(Records shown begins)

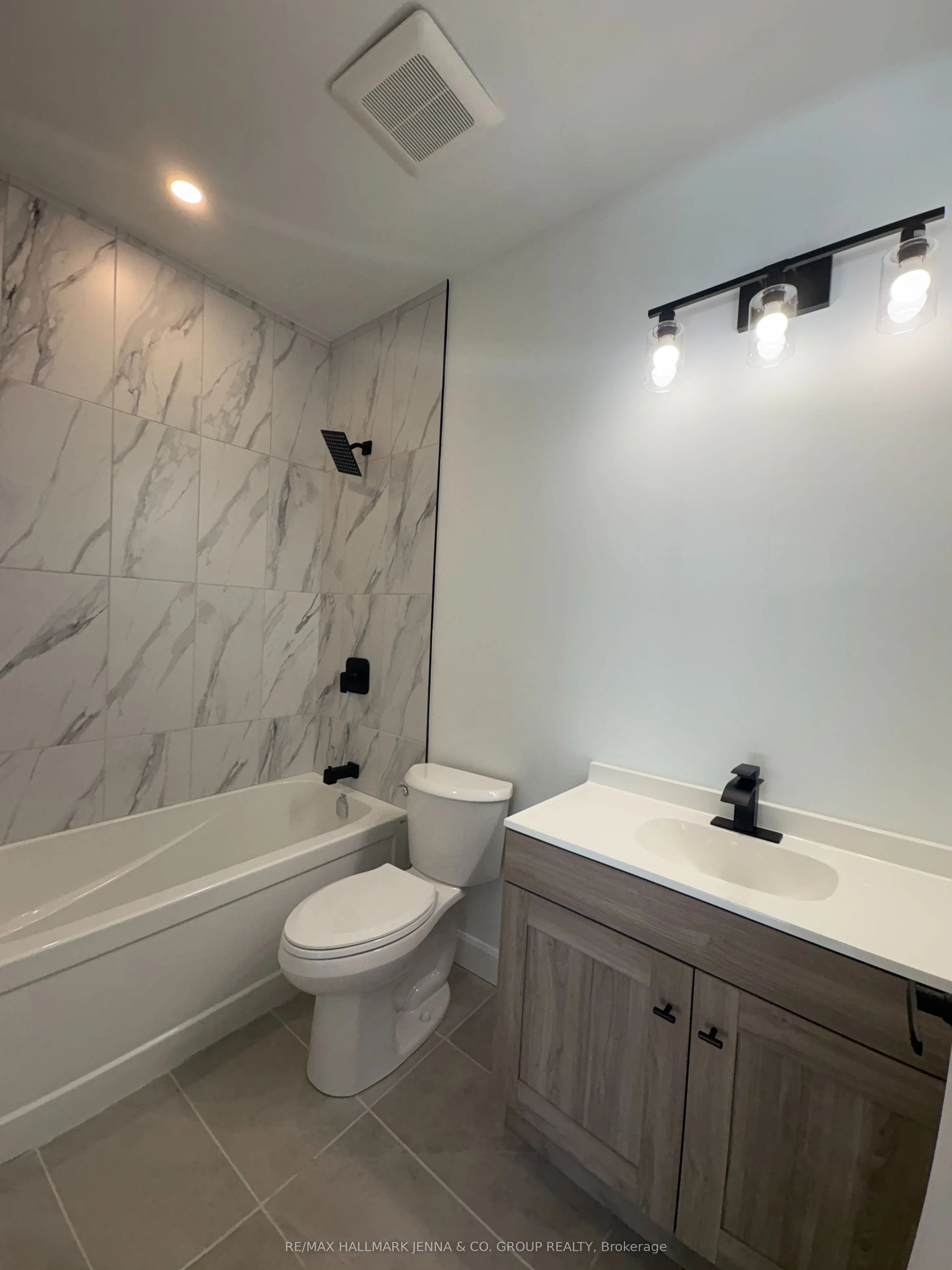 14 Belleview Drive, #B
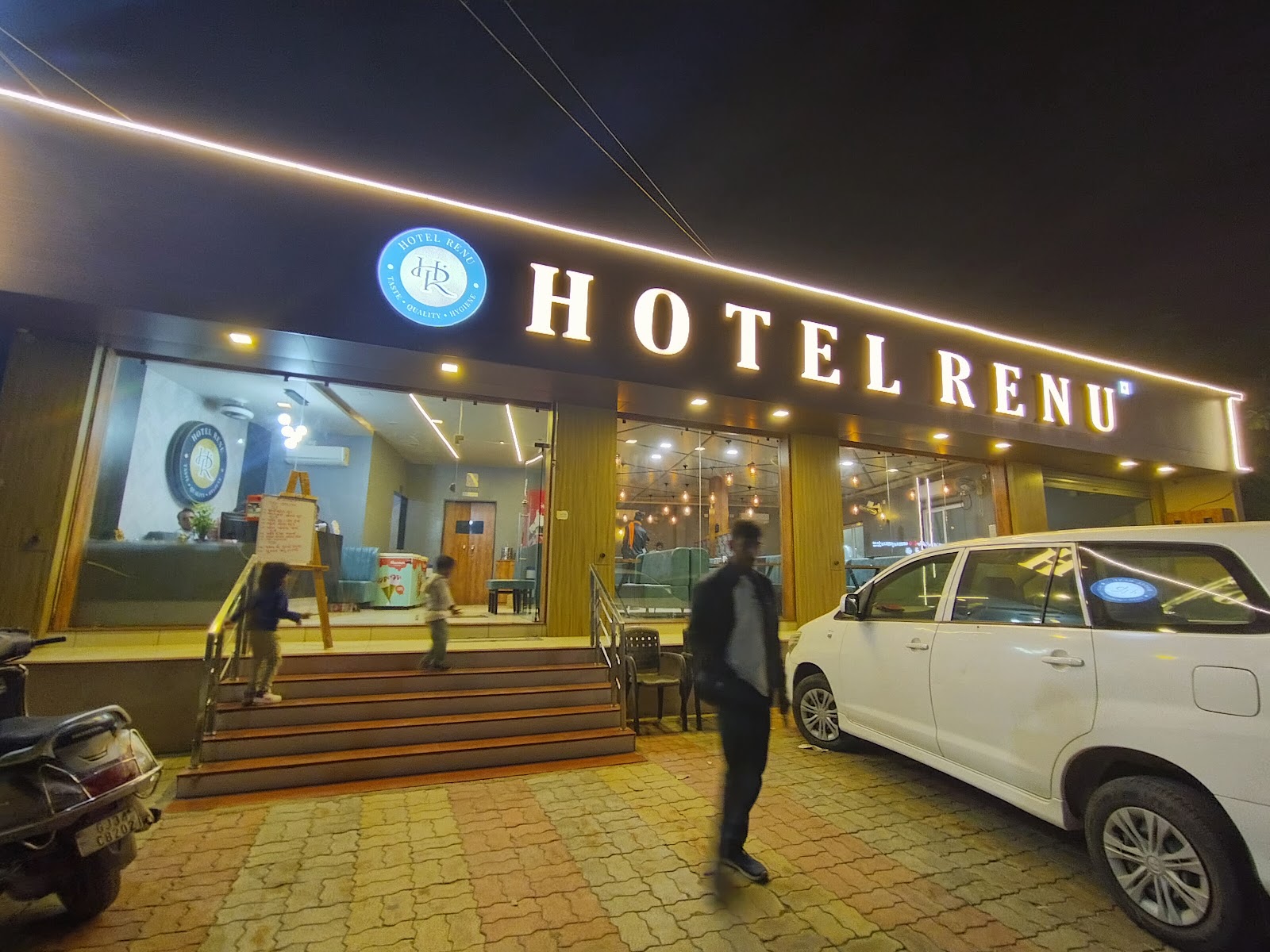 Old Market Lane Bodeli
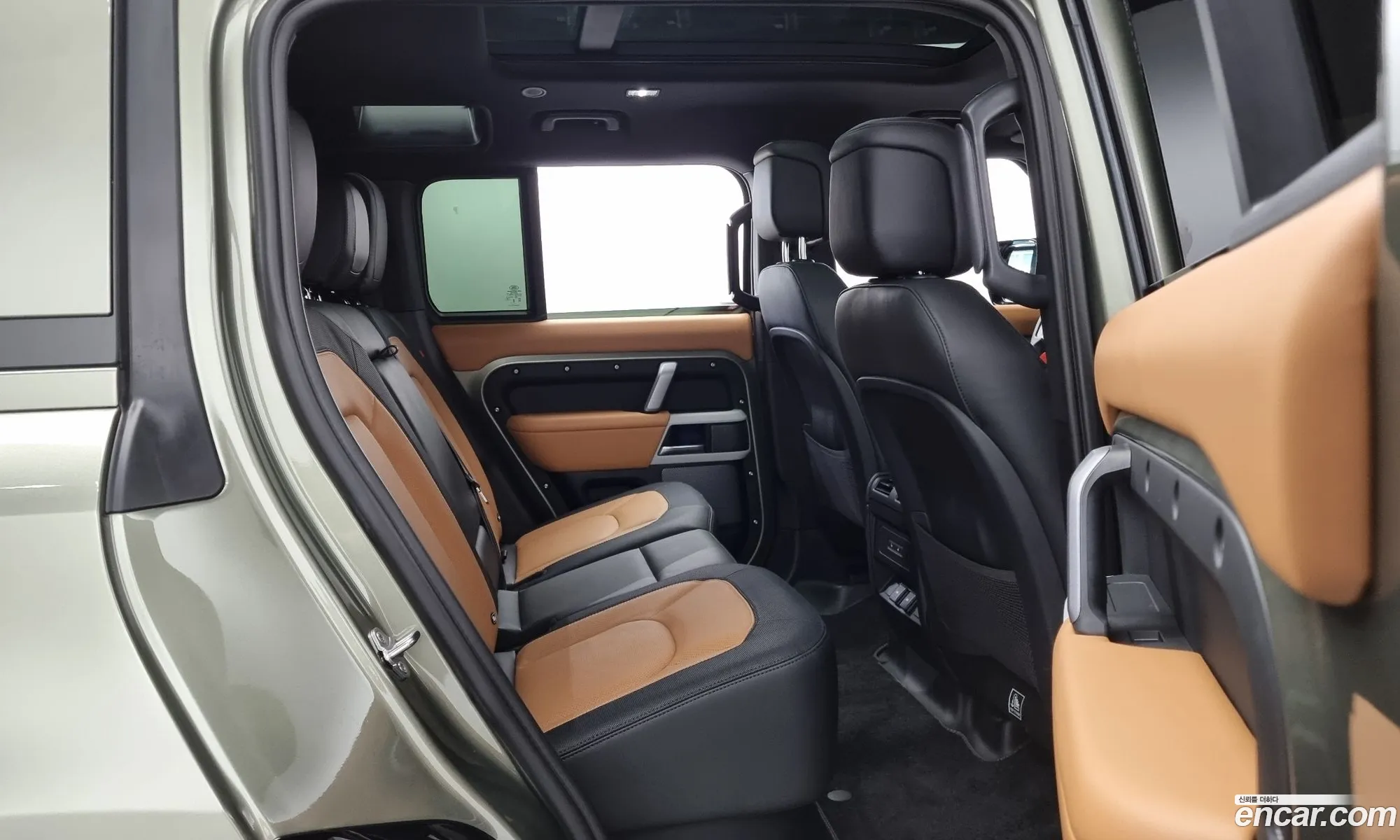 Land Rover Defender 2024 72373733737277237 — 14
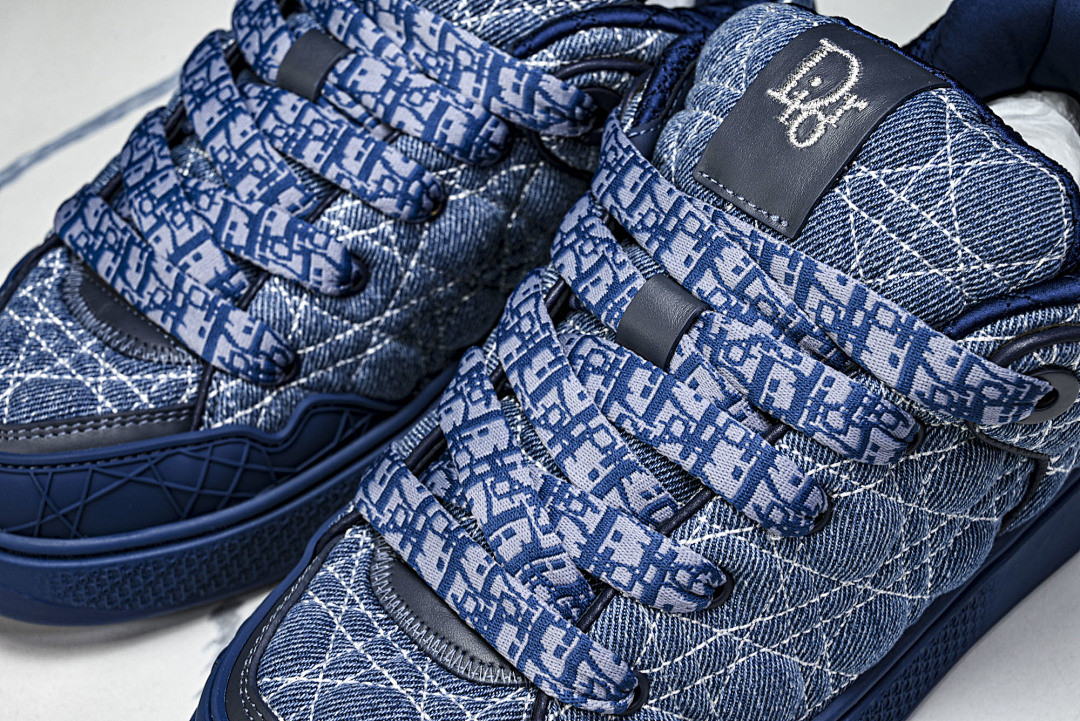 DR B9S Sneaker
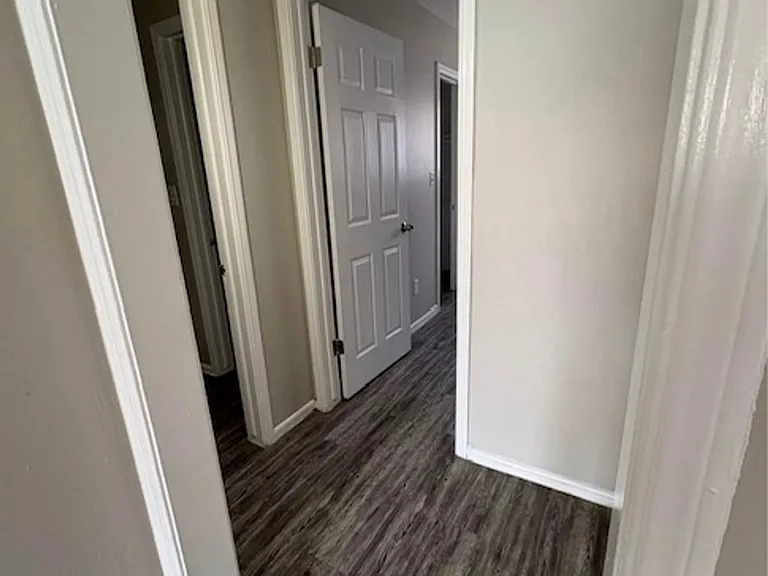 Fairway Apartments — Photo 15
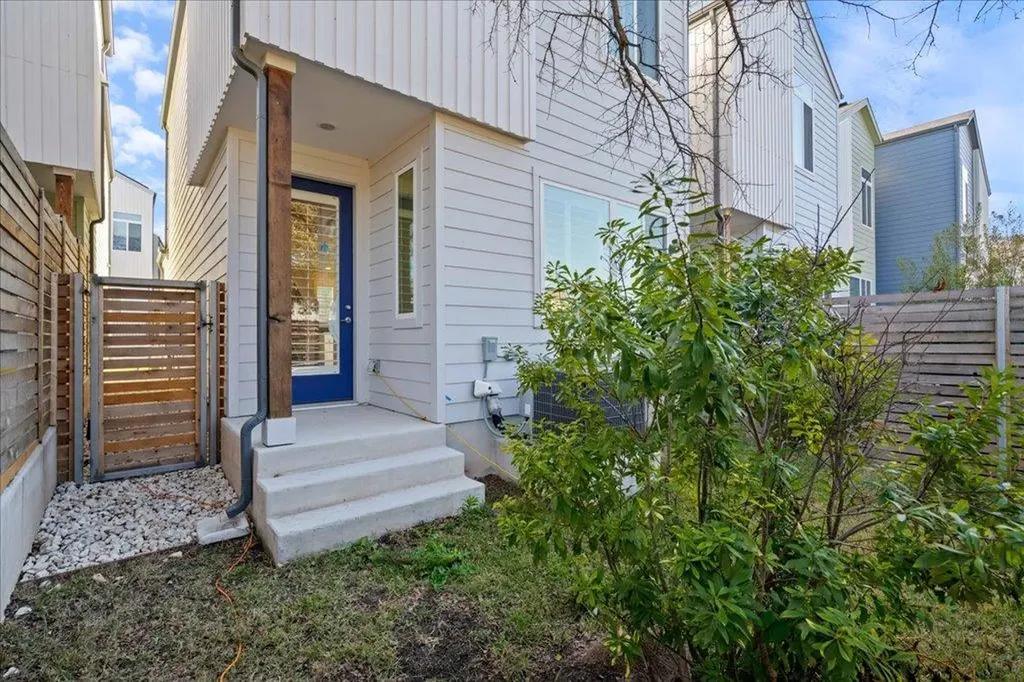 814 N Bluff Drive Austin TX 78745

(Records shown ends)

> **To do**: From the entries above, output every line exactly and omit any image.

> **Exercise output**:
 14 Belleview Drive, #B
 Old Market Lane Bodeli
 Land Rover Defender 2024 72373733737277237 — 14
 DR B9S Sneaker
 Fairway Apartments — Photo 15
 814 N Bluff Drive Austin TX 78745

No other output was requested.